Ronald Hodgeson, acting as a fire information officer and community support
task force leader, directs the work of residents and hand crews
preparing defensible space for structures during the Marre Fire outside
of Santa Barbara.
As part of a team funded by the CSU, Chico Foundation Research Center, Hodgson and his colleagues are beginning to transform public attitude towards fire and, just as significantly, to transform communities themselves from potential tinderboxes into towns a fire can burn through with relative safety.
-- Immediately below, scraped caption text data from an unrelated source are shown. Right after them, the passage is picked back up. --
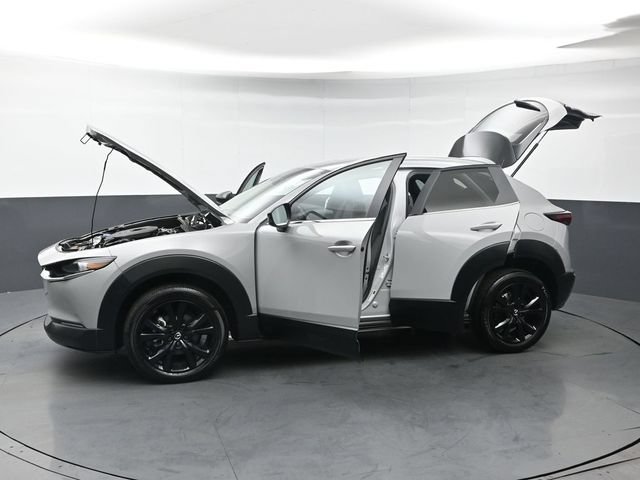 Certified 2025 MAZDA CX-30 AWD 2.5 S w/ Select Sport Pkg image 42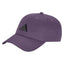 GORRA ADIDAS COTTON NEW LOGO MORADO UNISEX JV5388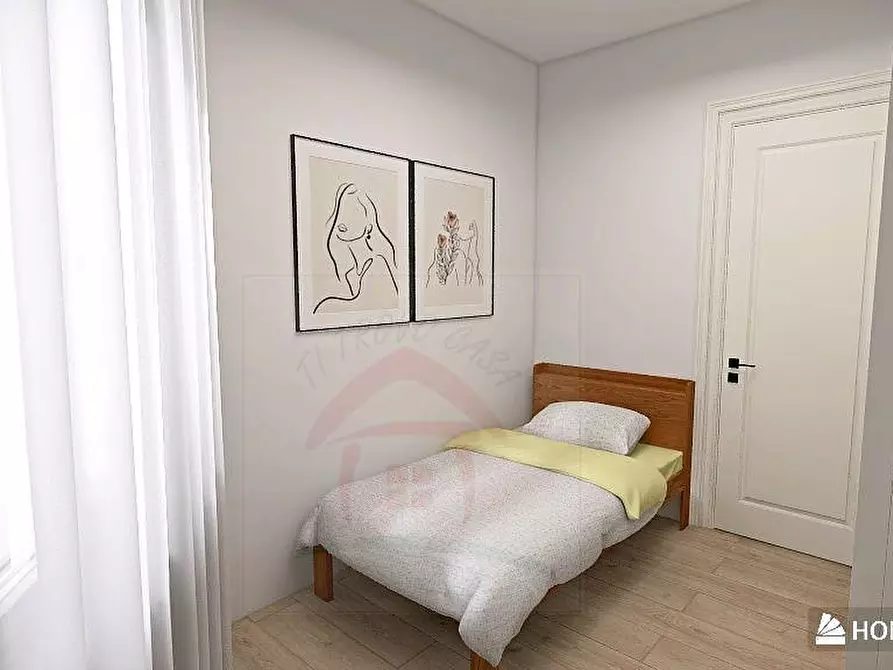 Immagine 10 di Appartamento in vendita  a Caldonazzo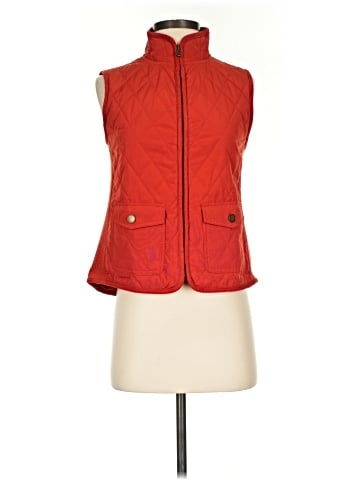 Talbots Vest (view 1)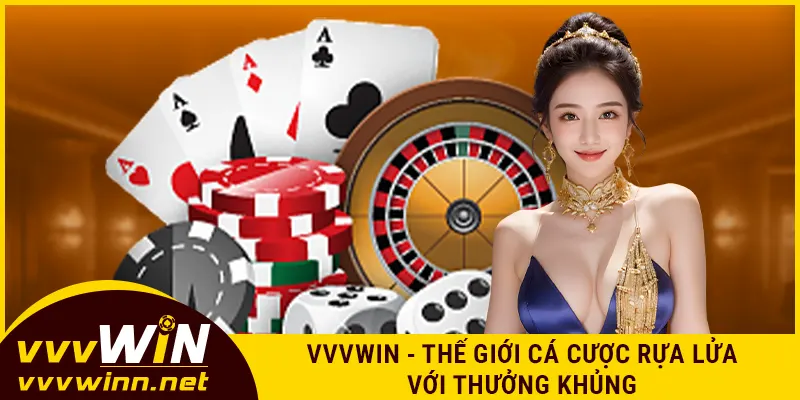 Trang Chủ Vvvwin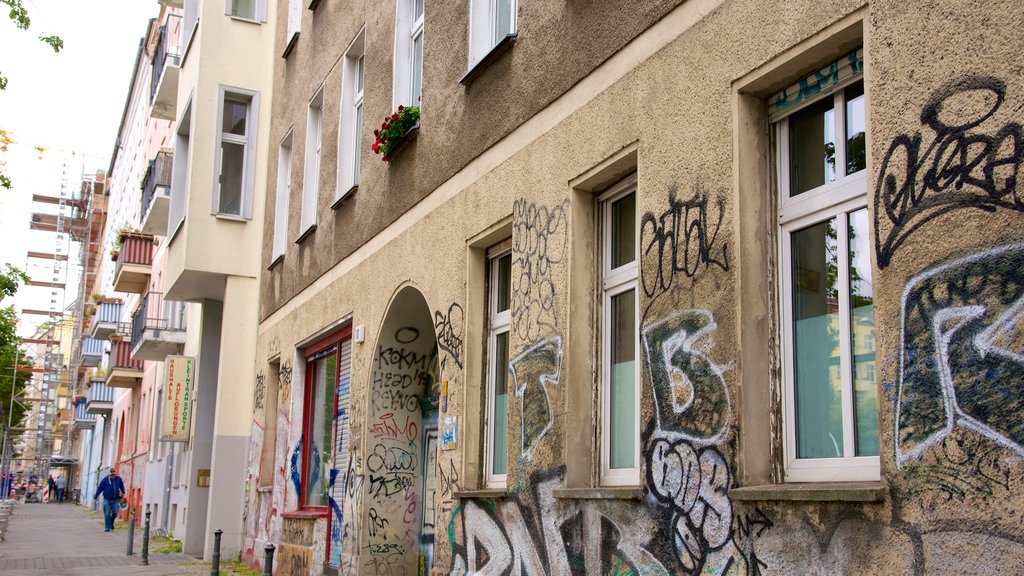 Prenzlauer Berg Bezirk, Berlin Prostituierte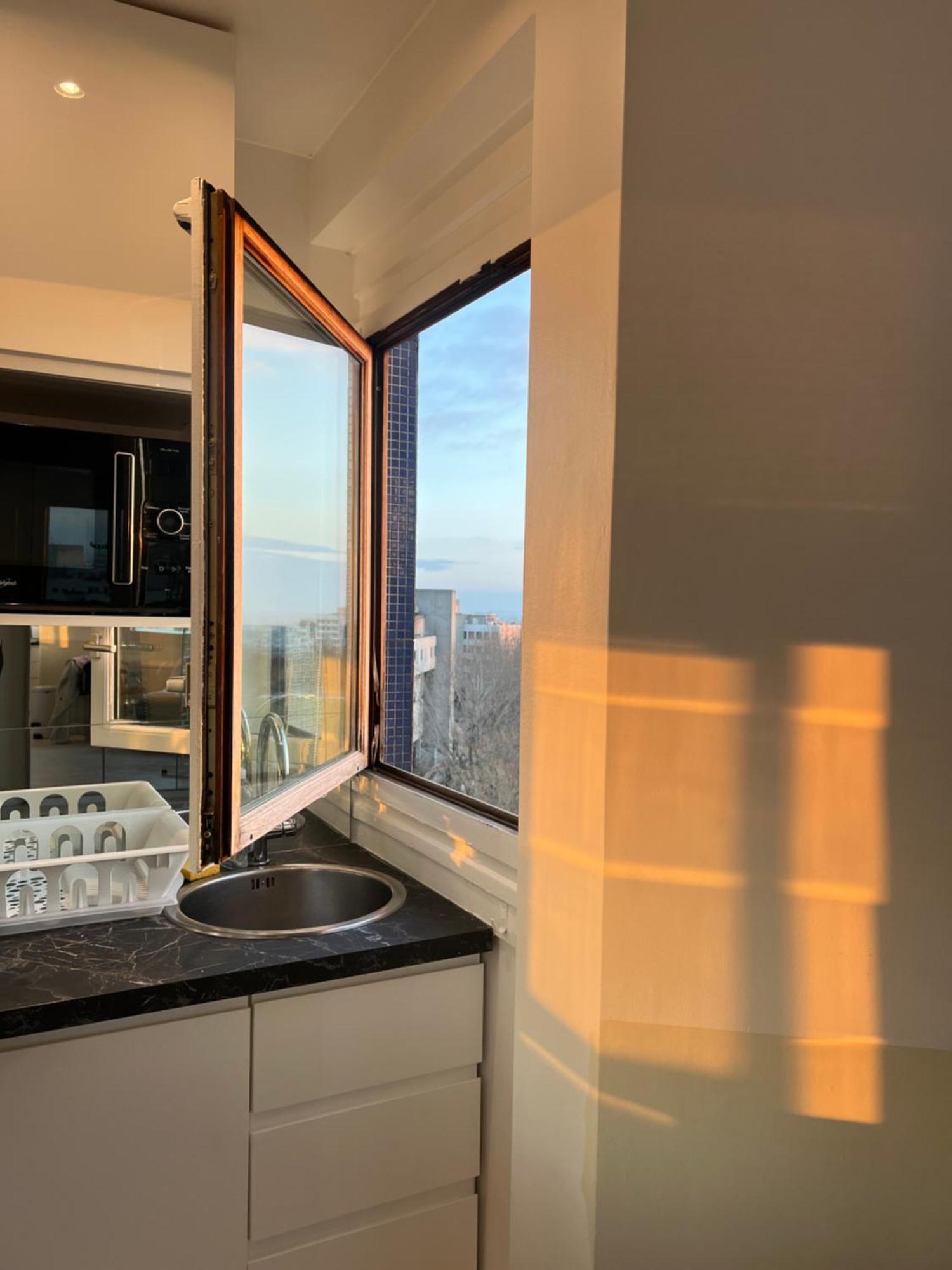 Apartment Home In Paris With View, 15Min Direct To Center Dış mekan fotoğraf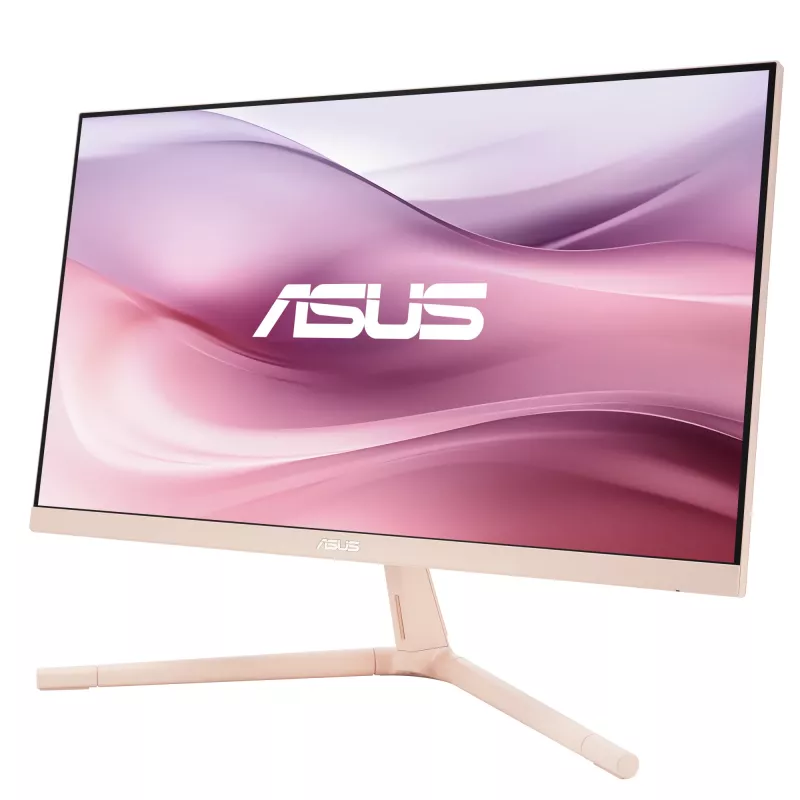 ASUS VU279CFE-P arvutimonitor 68,6 cm (27 tolli) 1920 x 1080 pikslit Full HD LCD Roosa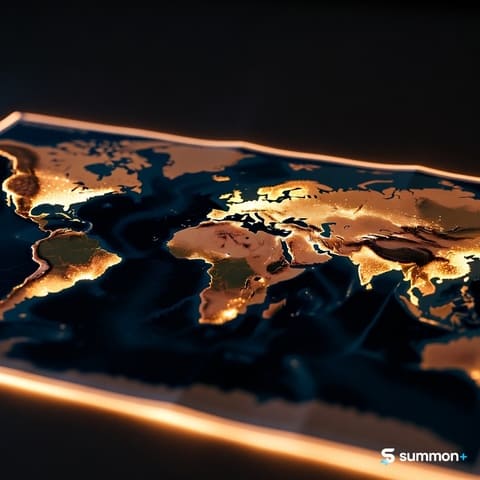 Sell digital products globally no restrictions Summon+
As radical as this sounds, Hodgson insists that it makes sense. "Because fire was a very common event in the forest for probably the last ten thousand years," he continued, "the forest adapted to fire to the point where, in order to have a stable ecosystem, it was as necessary as sunshine and water. Then, in the 1850s, we came in and began logging, which changed the structure of the forest. Loggers cut down the large trees." Shorter, smaller trees were left, and the distance between the forest floor and the lower limbs of trees was reduced from what it had been. "A lot of the slash was left lying on the ground, so the next time a fire burned through, it burned through much hotter than many of the species could tolerate."
The result? A different ecosystem, and one far more vulnerable to fire. This in turn engendered an extremely aggressive fire suppression philosophy. Explained Hodgson, "We put out all the fires and we prevented fires from starting. It was probably essential because at that time fires killed the small trees. Unfortunately, once the trees grew to such a height that they could survive a fire, so did the understory." Forests became crowded with species like white fir, cedar, and "ladder fuels"vegetation that allows fire to climb from the forest floor to the crowns of trees. Meanwhile, the distance between tree crowns decreased. "Because they haven't been spaced out by periodic burning, fire can spread from crown to crown and you have fires like the Fountain Fire or the Forty-niner Fire. They're very difficult to stop, very expensive to fight."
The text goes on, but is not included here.